◆ DIRECTIONS FOR THIS TASK ◆
Each of the entries below is to be written out exactly, and the images skipped.

▬▬▬▬▬▬▬▬▬▬

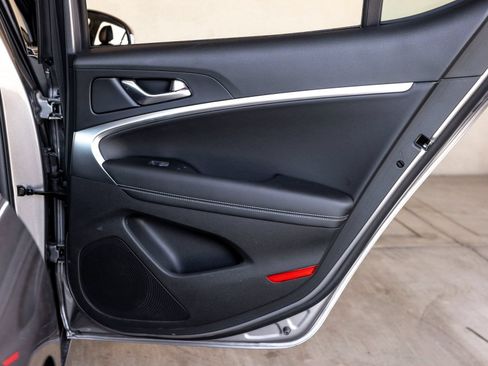 Used 2026 Genesis G70 2.5T RWD image 23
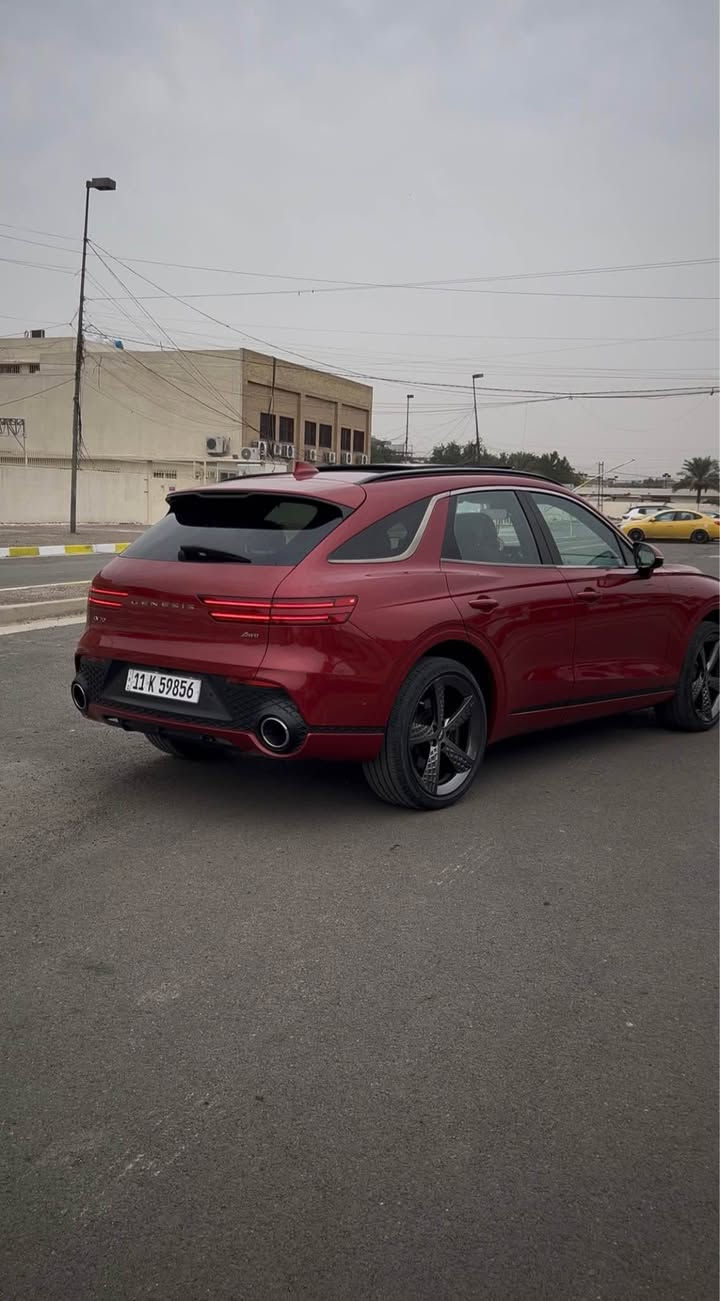 Genesis gv70 sport 2023 
السياره بدون ايرباك ،
حادثها كڤر الصندوك  فقط موجود بالصور 
الصبغ بيها بس قطعة البلاستك مال صندوك تعتبر كلين💯
ماشيه 50 الف كيلو وليس ميل  

* محرك 4 سلندر تيربو 2.5   
* الكير أوتوماتيك 8 سرعات
* دفع رباعي AWD
* اربع وضعيات قيادة  
Eco , comfort , sport, sport+
* حجم الويل رياضي 21 
* تصميم خارجي رياضي.
* تشغيل عن بعد 
* تقديم وترجيع السياره بالبصمة 
* المقاعد الأمامية تدفئه وتبريد .
* المقاعد الأماميه كهربائية مع ذاكرة خزن 
* ستيرن تدفئة
* سقف بانوراما 
* إضاءة داخلية محيطية
* ستائر للأبواب الخلفية
* تحكم تبريد منفصل 
* شاشة وسطية 14.5 
* شاشة عدادات رقمية 12.3 إنچ ثلاثية الأبعاد. 
* شحن لاسلكي للموبايل.
* Apple CarPlay وAndroid Auto.
* دخول ذكي ترحيب 
* صندوك كهرباء 
* كاميرا 360 درجة 
* كاميرا مراقبة النقطة العمياء
* رادار مثبت سرعة متكيف
* تحذير وتصحيح المسار 
* مراقبة النقطة العمياء
* تحذير من الاصطدام الأمامي
* فرملة طوارئ أوتوماتيكية
* تحذير حركة المرور الخلفية
* مساعد ركن
* مساعد الركن عن بُعد

 السعر 36500$ وبي مجال 
*********** بغداد, العراق
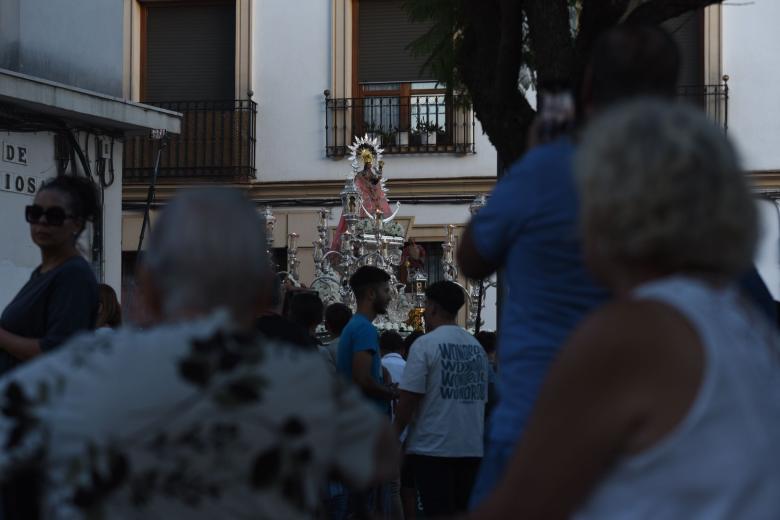 La procesión de la Virgen de Villaviciosa, en imágenes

▬▬▬▬▬▬▬▬▬▬

◆ EXERCISE SOLUTION ◆
 Used 2026 Genesis G70 2.5T RWD image 23
 Genesis gv70 sport 2023 
السياره بدون ايرباك ،
حادثها كڤر الصندوك  فقط موجود بالصور 
الصبغ بيها بس قطعة البلاستك مال صندوك تعتبر كلين💯
ماشيه 50 الف كيلو وليس ميل  

* محرك 4 سلندر تيربو 2.5   
* الكير أوتوماتيك 8 سرعات
* دفع رباعي AWD
* اربع وضعيات قيادة  
Eco , comfort , sport, sport+
* حجم الويل رياضي 21 
* تصميم خارجي رياضي.
* تشغيل عن بعد 
* تقديم وترجيع السياره بالبصمة 
* المقاعد الأمامية تدفئه وتبريد .
* المقاعد الأماميه كهربائية مع ذاكرة خزن 
* ستيرن تدفئة
* سقف بانوراما 
* إضاءة داخلية محيطية
* ستائر للأبواب الخلفية
* تحكم تبريد منفصل 
* شاشة وسطية 14.5 
* شاشة عدادات رقمية 12.3 إنچ ثلاثية الأبعاد. 
* شحن لاسلكي للموبايل.
* Apple CarPlay وAndroid Auto.
* دخول ذكي ترحيب 
* صندوك كهرباء 
* كاميرا 360 درجة 
* كاميرا مراقبة النقطة العمياء
* رادار مثبت سرعة متكيف
* تحذير وتصحيح المسار 
* مراقبة النقطة العمياء
* تحذير من الاصطدام الأمامي
* فرملة طوارئ أوتوماتيكية
* تحذير حركة المرور الخلفية
* مساعد ركن
* مساعد الركن عن بُعد

 السعر 36500$ وبي مجال 
*********** بغداد, العراق
 La procesión de la Virgen de Villaviciosa, en imágenes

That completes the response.